- **Activity**: Quote word for word the lines starting at the line with "Semnalizatoare pentru motociclete" and ending at the final line of the entries. Leave out any pictures.

- **Source data**:

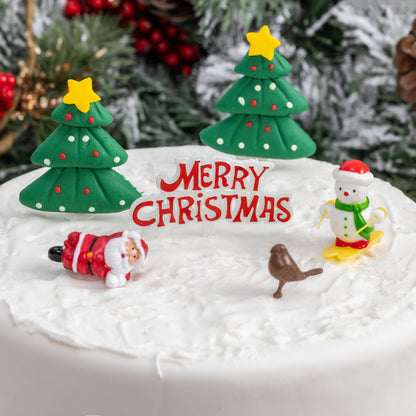 Kids Christmas Cake Topper Set – 6 Piece, Reusable – image 4
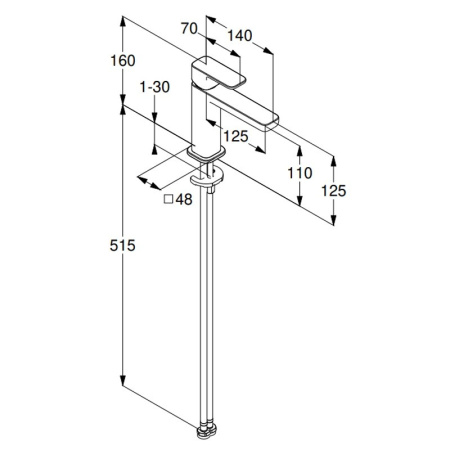 Смеситель для раковины Kludi Renon 422820575 хром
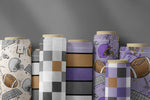 Lade das Bild in den Galerie-Viewer, Supersoft Premium BIO French Terry "Footballs" purple Pixel 0,5 m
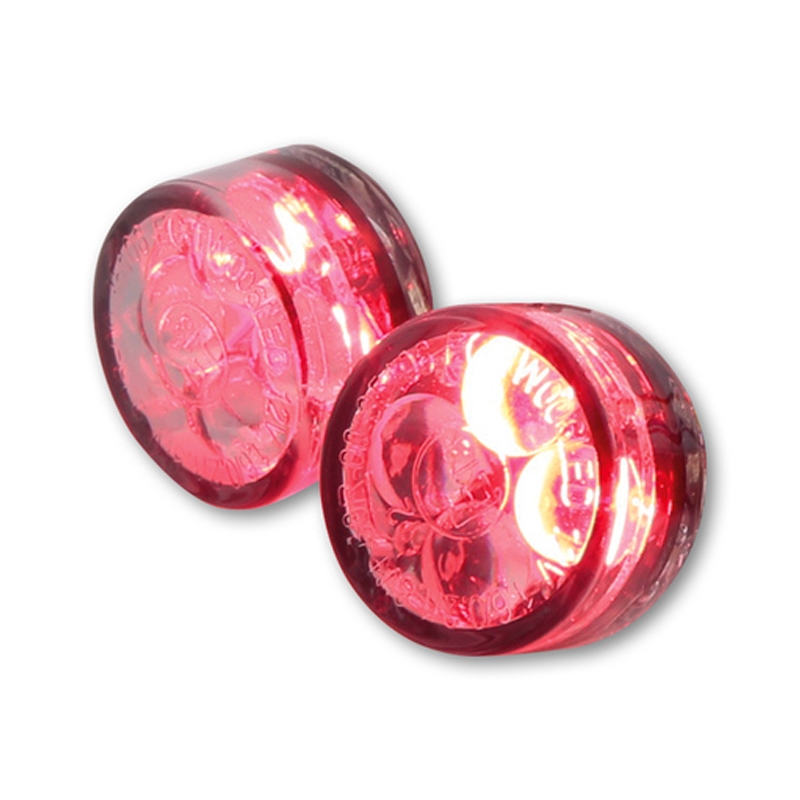 Semnalizatoare pentru motociclete Highsider Smart Module Sixteen LED 3 în 1 gri fumuriu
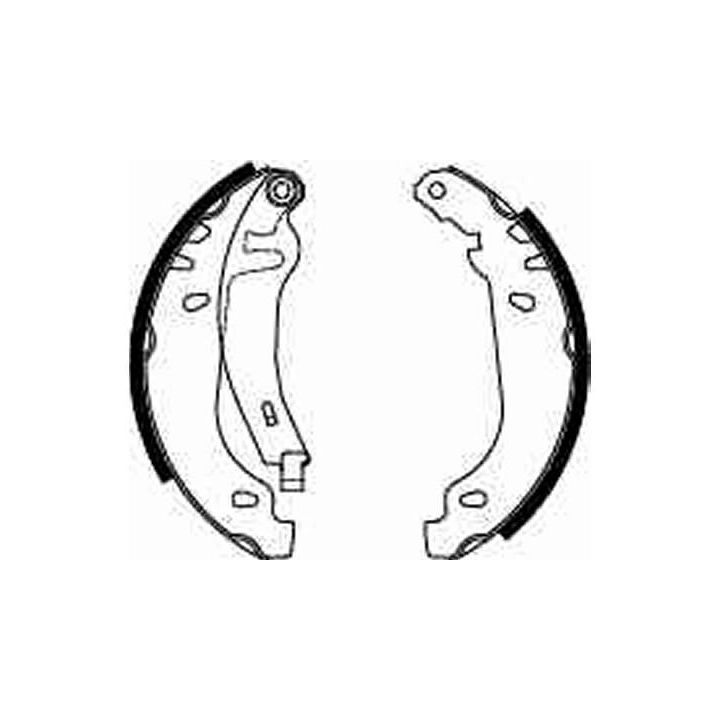 Stabdžių trinkelių komplektas TRW GS8531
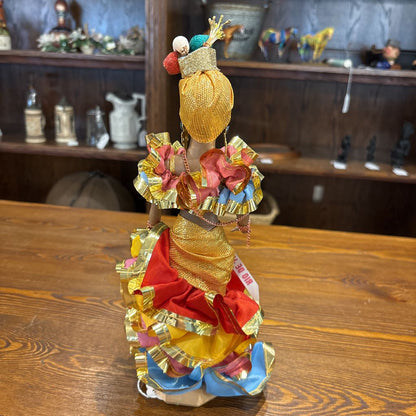 Carmen Miranda Doll w/Brazil Sash SMALLS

- **Problem solution**:
 Semnalizatoare pentru motociclete Highsider Smart Module Sixteen LED 3 în 1 gri fumuriu
 Stabdžių trinkelių komplektas TRW GS8531
 Carmen Miranda Doll w/Brazil Sash SMALLS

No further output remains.